The 1989-2003 civil war displaced a majority of Liber­ians, gutted the economy and deprived a generation of teenagers of a basic education. Today, Liberia's jobless youth still are considered a potential threat to stability, both domestically and in neighboring West African countries. Half of the total population of about 4 million is younger than 24, according to the 2010 Liberia Labor Survey.

As many as 15,000 boys and girls served as a child soldiers during Liberia's conflict, according to the United Nations.

Boys were routinely drugged before being sent into combat, while girls were raped and often assigned to commanders as their "wives," New York-based Human Rights Watch said in a February 2004 report. Many saw their families murdered and still suffer from post-traumatic stress disorder, making it difficult for them to resume normal lives.

Toe said he became a drug addict and "after the war I completely lost interest in education."

When Johnson Sirleaf won re-election in 2011, she pledged to create at least 20,000 jobs a year and called young people "the driving force behind the nation's development."

Among the biggest investors in Liberia are ArcelorMittal, India's Sesa Goa and China Union Investment, all seeking to mine iron ore, while Golden Veroleum, Sime Darby and Firestone Natural Rubber manage palm oil and rubber estates. Together they created 9,378 jobs last year, according to Labor Ministry statistics.

"It's fair to say that the government has had far more success in attracting foreign direct investment than it has in creating jobs, and that the gap between these two is creating tensions and making the government increasingly unpopular," Joseph Lake, an economist with the Economist Intelligence Unit, said in an interview from New York.

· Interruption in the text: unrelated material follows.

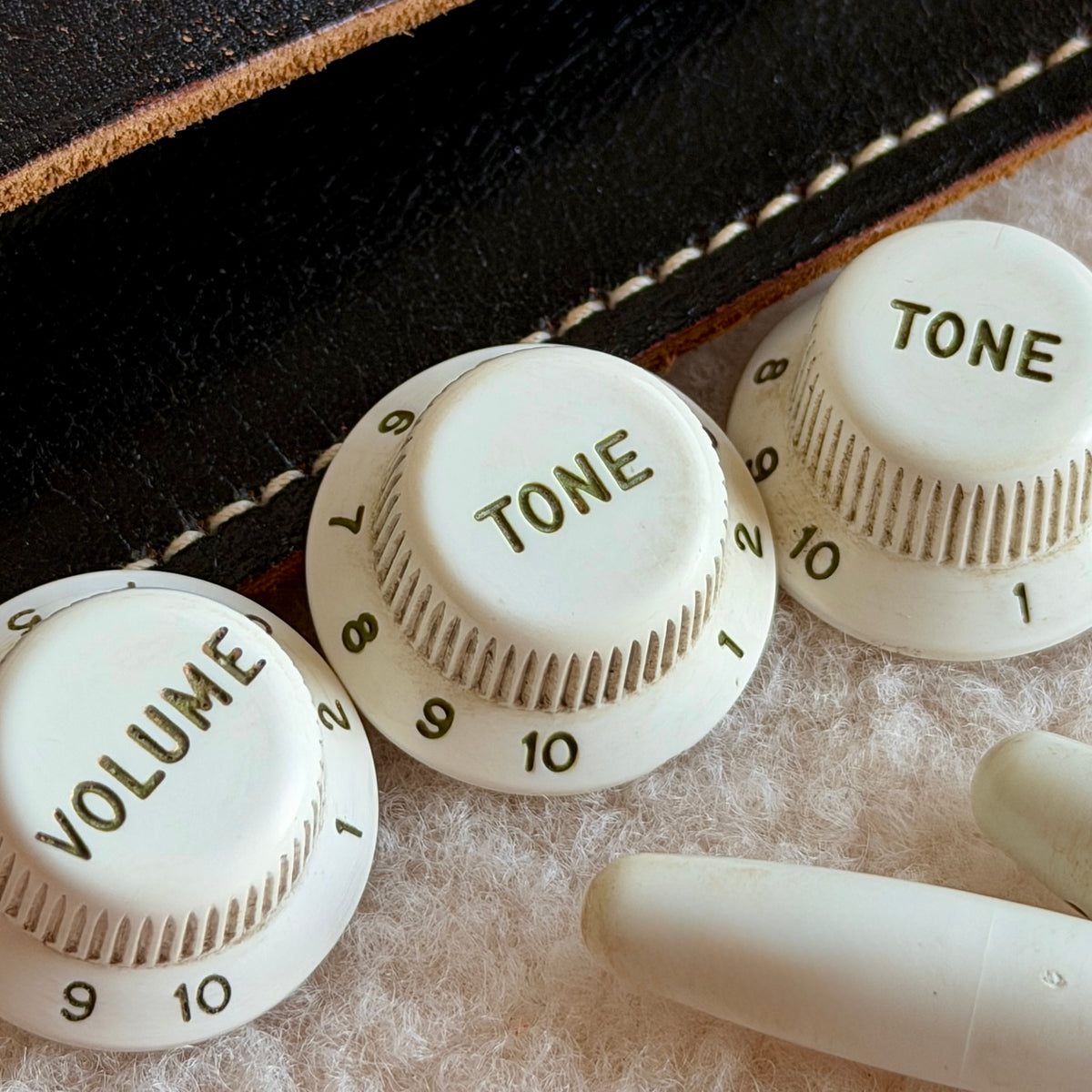 1955 Strat® Knobs, Covers & Tips (Bakelite Style)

For Sando Ketter, 76, who stood sobbing over the grave of his wife at Palm Grove Cemetery, solutions for Liberia's jobless youth can't come soon enough.

"The very grave that was decorated with flowers when I buried my wife nine months ago is open and empty," Ketter said. "We found only a heap of skeletal remains these hoodlums left near the grave without the casket. I can hardly believe it has come to this."

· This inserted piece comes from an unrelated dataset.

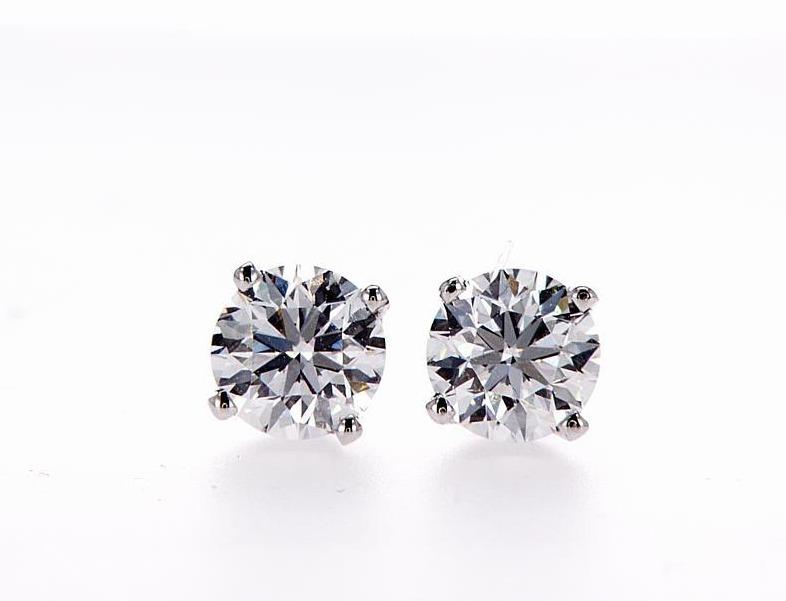 14K Gold Round Diamond Stud Earrings (1.50Ctw) - mydiamond.ca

Private industry won't be able to meet the huge demand for work, and most people must rely on self-employment and odd jobs, Chris Blattman, assistant professor of political science and international and public affairs at Columbia University, said in an interview.

"Liberia is impeded by many things, but everything is costlier than it needs to be," Blattman said. "A decade after the war, the government is still debating the location for a power plant. Private companies are not going to employ people unless the Liberian government can reduce the extremely high cost structures for firms," many of which rely on gasoline-powered generators for electricity.

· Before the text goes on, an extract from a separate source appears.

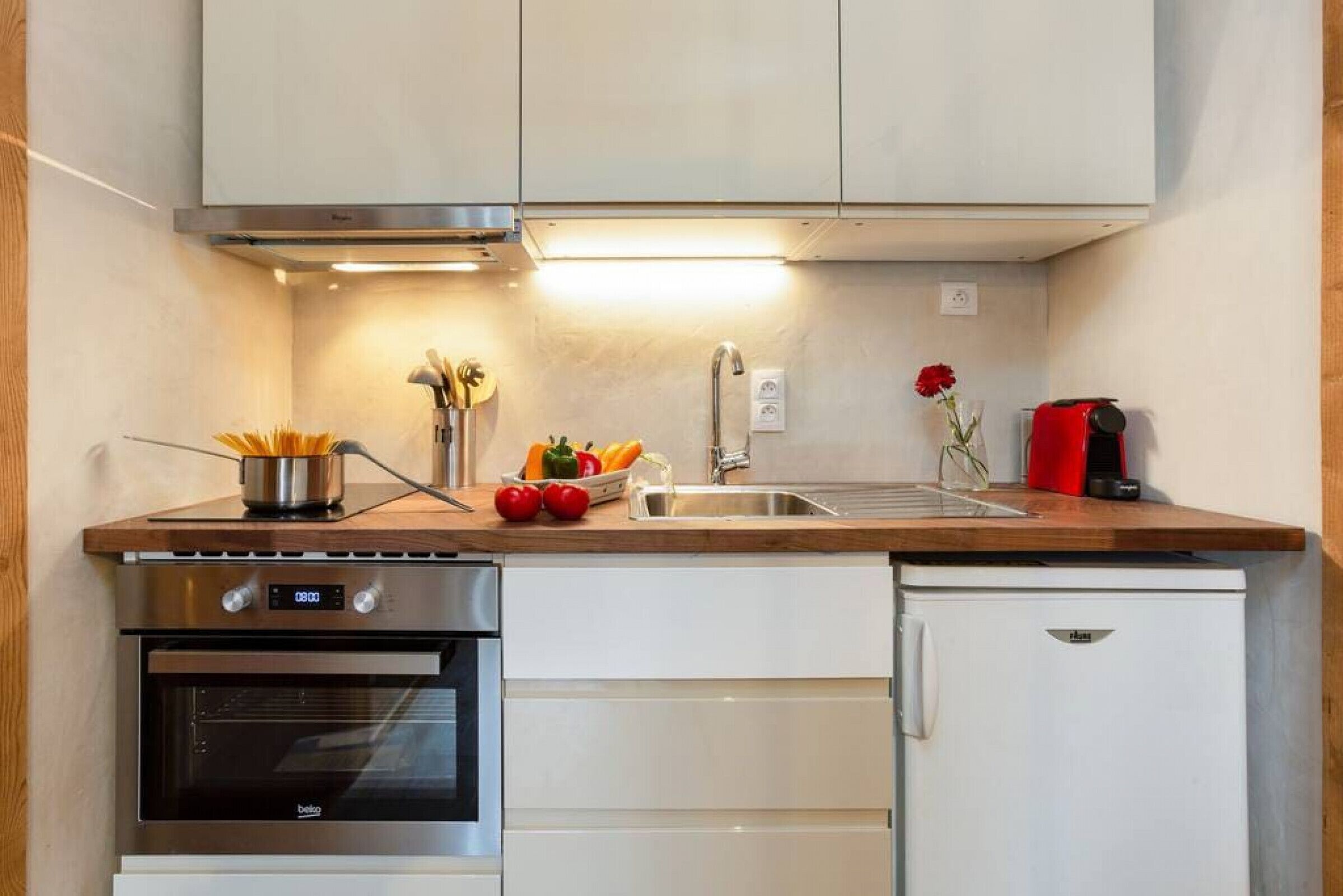 Kühlschrank, Ofen, Wasserkocher mit Kaffee-/Teezubehör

For years, Liberia had one of the world's highest unemployment rates, an estimated 85 percent in 2003, according to the CIA World Factbook.

The country, founded by former U.S. slaves in 1847, doesn't have functioning sewers, drinking water or a land line phone system. Garbage collection is nonexistent. Electricity is scarce, with the state-run Liberia Electricity Corp. supplying only 14,000 paying customers. Liberia's per-capita gross domestic product of about $700 a year is the fifth-lowest of 229 countries ranked by the CIA World Factbook.